When buying options, it’s generally a good idea to keep the capital outlay to a minimum whenever possible, because options typically lose value at a regular rate due to time decay. As such, minimizing the option premium paid (the cost) is essentially the same as lowering risk.
Using vertical spreads is one way to take a directional position with options while keeping costs (capital outlays) low. A vertical spread—when traded for a debit—is when a trader buys an option with a strike near the price of the underlying asset and sells another option further away but in the same expiration.
Both professional and retail traders use vertical spreads for directional trades. Buying a call spread is a bullish trade while buying a put spread is bearish (for the particular underlying asset). The benefit of vertical spreads is what I mentioned above: it lowers costs. The tradeoff is, this type of strategy caps gains. That is, the spread holder can’t make more if the underlying price goes past the short strike.

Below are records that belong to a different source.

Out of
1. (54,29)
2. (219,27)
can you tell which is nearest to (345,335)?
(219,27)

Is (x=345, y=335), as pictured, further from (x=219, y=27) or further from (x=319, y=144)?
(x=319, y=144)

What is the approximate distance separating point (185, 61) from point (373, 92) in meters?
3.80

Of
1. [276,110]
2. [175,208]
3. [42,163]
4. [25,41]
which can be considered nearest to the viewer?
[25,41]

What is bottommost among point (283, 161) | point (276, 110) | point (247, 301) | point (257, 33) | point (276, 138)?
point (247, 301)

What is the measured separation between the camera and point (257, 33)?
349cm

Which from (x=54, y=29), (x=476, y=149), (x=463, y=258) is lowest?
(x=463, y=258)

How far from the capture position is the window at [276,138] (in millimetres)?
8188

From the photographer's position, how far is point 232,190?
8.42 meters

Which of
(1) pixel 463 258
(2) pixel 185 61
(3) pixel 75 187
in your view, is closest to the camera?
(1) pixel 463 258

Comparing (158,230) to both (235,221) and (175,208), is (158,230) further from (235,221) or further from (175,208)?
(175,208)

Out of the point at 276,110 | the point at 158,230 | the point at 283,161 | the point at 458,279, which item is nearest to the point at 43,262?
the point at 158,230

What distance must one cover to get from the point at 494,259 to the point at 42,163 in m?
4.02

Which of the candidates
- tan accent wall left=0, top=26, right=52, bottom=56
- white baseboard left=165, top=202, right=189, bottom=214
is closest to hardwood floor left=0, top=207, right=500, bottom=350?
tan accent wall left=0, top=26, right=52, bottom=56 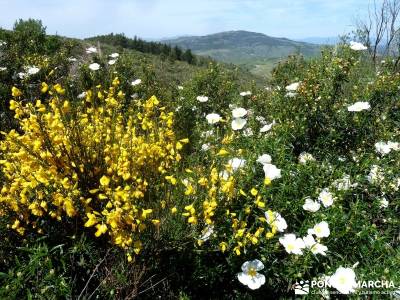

Let’s look at a real example of an index ETF call spread that makes money if stocks go up. In this case, we’re looking at Invesco QQQ Trust (QQQ), the mega-popular Nasdaq-100 ETF. What follows is an actual trade that happened last week.
A large buyer (likely a fund or institutional buyer) purchased call spreads that start making money if QQQ goes up roughly 6% by mid-June. Specifically, with QQQ at $335.83, the trader purchased 12,500 of the June 18 351-364 call spreads. That means the 351 calls were purchased 12,500 times, and the 364 calls were sold 12,500 times.
The cost of this trade was $2.93 per spread. That makes the breakeven point for the position at right around $354. From there, the strategy can profit up to QQQ at $364, where the short call is. The max possible value of the trade at expiration is the difference between the strikes or $13 in this case. However, because the spread cost was $2.93, it means the max profit is equal to $10.07, or 344% gains.
With the spread purchased 12,500 times, the trader spent about $3.7 million on the strategy. While that’s clearly a lot of money, if the trader had just purchased the 351 calls instead, it would have cost $5.6 million. In that scenario, there is no cap on the upside gains should QQQ take off.
Nevertheless, spending $3.7 million instead of $5.6 million is a huge difference (it’s 34% cheaper, to be precise). And, the upside at the max gain is still 344%. Moreover, it’s possible the spread buyer doesn’t believe QQQ can get higher than $364 by mid-June. In that case, why pay for unlimited upside gains if you don’t think they are a realistic possibility?